§ **Required work**
What is needed is the exact text of each line in the listing below from the one with "Londra, Regno Unito." up to and including the one with "TV and multimedia, Living", and no pictures.

━━━ Records shown

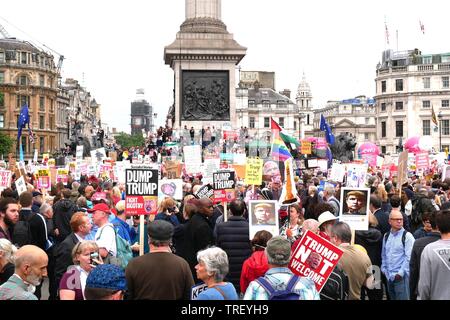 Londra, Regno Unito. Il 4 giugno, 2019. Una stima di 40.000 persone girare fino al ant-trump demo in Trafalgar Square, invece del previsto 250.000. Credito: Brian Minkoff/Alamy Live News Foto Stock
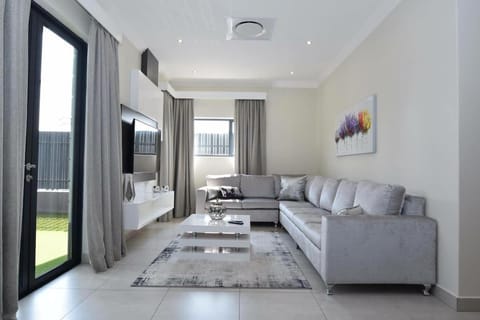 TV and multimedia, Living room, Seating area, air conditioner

━━━━━━
━━━ Records shown

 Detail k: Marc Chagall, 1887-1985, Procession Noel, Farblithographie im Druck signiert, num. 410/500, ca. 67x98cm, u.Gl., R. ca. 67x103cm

━━━━━━

§ **Task solution**
 Londra, Regno Unito. Il 4 giugno, 2019. Una stima di 40.000 persone girare fino al ant-trump demo in Trafalgar Square, invece del previsto 250.000. Credito: Brian Minkoff/Alamy Live News Foto Stock
 TV and multimedia, Living room, Seating area, air conditioner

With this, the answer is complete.